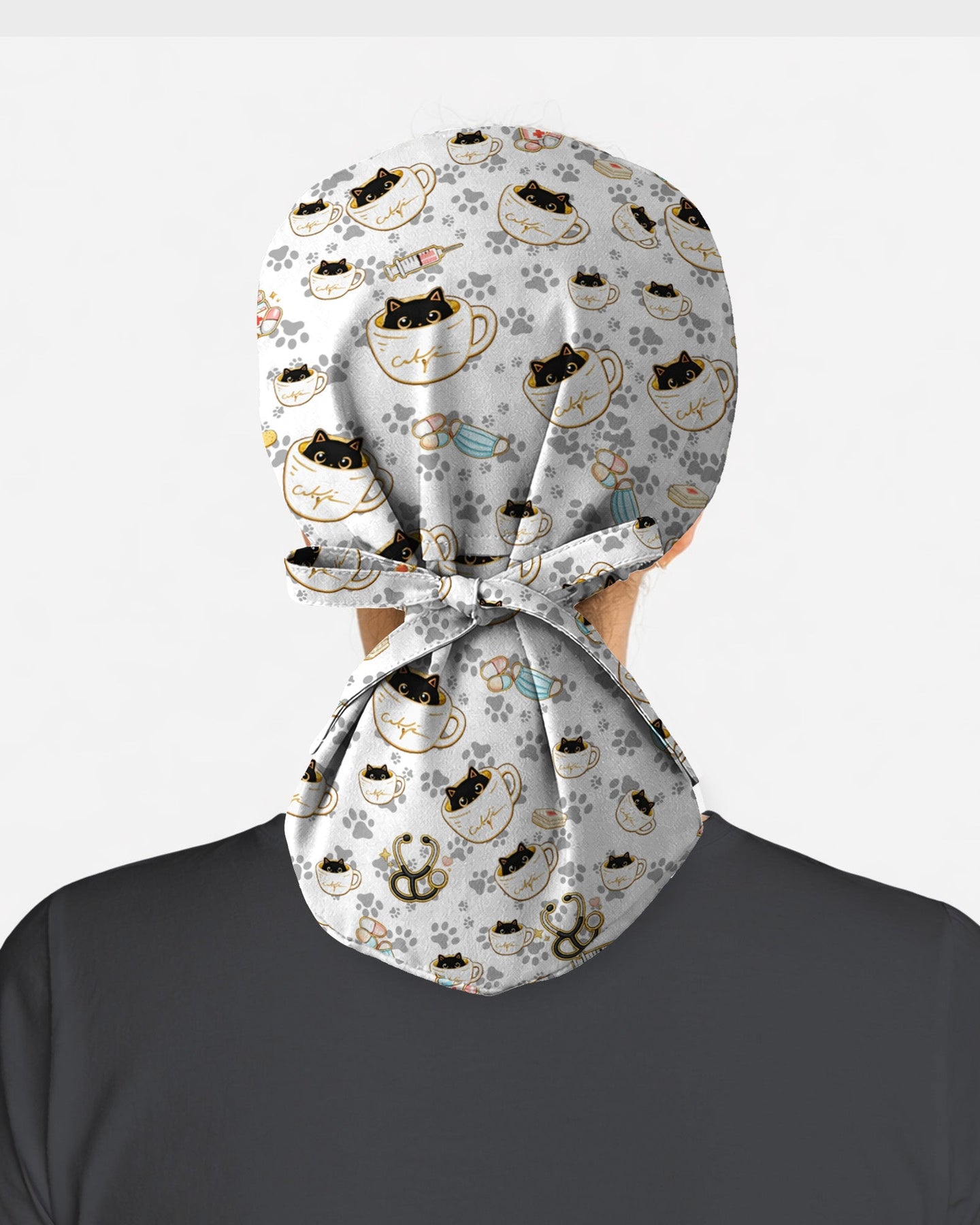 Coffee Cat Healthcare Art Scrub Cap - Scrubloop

---

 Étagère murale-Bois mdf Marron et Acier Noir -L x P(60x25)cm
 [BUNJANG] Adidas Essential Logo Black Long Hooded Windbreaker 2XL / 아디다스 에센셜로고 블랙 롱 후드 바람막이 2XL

* **Problem requirements**
Could you restate, word for word, the lines above from the one with "Étagère murale-Bois mdf" to the one with "[BUNJANG] Adidas Essential", both included?

* **Response for this exercise**
 Étagère murale-Bois mdf Marron et Acier Noir -L x P(60x25)cm
 [BUNJANG] Adidas Essential Logo Black Long Hooded Windbreaker 2XL / 아디다스 에센셜로고 블랙 롱 후드 바람막이 2XL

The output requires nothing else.